The Federal Government, 36 states, and 774 Local Government Areas shared a total of ₦2.3 trillion from the May 2026 Federation Account Allocation Committee, FAAC, disbursement. But the meeting also revealed a ₦62 billion decline in Value Added Tax, VAT, revenue for the month.
According to the FAAC communiqué released after the June session, the ₦2.3 trillion shared included statutory revenue, VAT, electronic money transfer levy, EMTL, exchange difference, and augmentation from other sources. The drop in VAT was attributed to lower consumer spending and seasonal factors, even as collections from oil and gas kept total distributable revenue high.
From the ₦2.3 trillion, the Federal Government received the largest share based on the revenue formula. States got the next bulk to fund salaries, infrastructure, and social programs. LGAs received their allocation to support grassroots development. The exact figures per tier were captured in the FAAC table, with derivation paid to oil-producing states as required by law.
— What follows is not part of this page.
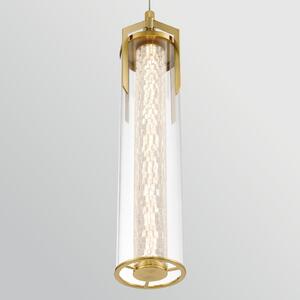 Quintiesse ESPADA LED viseća svjetiljka, brušeno zlato, Ø 15 cm metal/staklo, prigušiva, Zlato / mjed, Dnevni boravak/blagovaonica, Aluminij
FAAC noted that VAT, a key indicator of domestic consumption, declined by ₦62 billion compared to April. Officials linked it to reduced business activity post-Eid, tighter household spending, and the impact of recent tax policy adjustments. Despite the dip, VAT remained one of the top contributors to the shared pool, alongside company income tax and oil revenue.
For states and LGAs, the ₦2.3 trillion inflow provides fiscal relief amid rising wage bills and infrastructure demands. Governors have been under pressure to implement the new minimum wage and fund capital projects. The VAT decline, however, is a warning sign. VAT reflects what Nigerians are buying and selling — when it drops, it signals slower economic activity at the consumer level.
The committee said it will continue monitoring revenue trends closely. With reforms in tax administration and efforts to expand the tax net, the government is targeting more stable non-oil revenue. FAAC also urged sub-national governments to prioritize transparency and project delivery as allocations increase.
Bottom line: May’s ₦2.3 trillion share kept government at all levels liquid, but the ₦62bn VAT slide shows consumers are tightening their belts. For households in Port Harcourt and across Nigeria, that means prices and spending power will remain in focus through Q3 2026.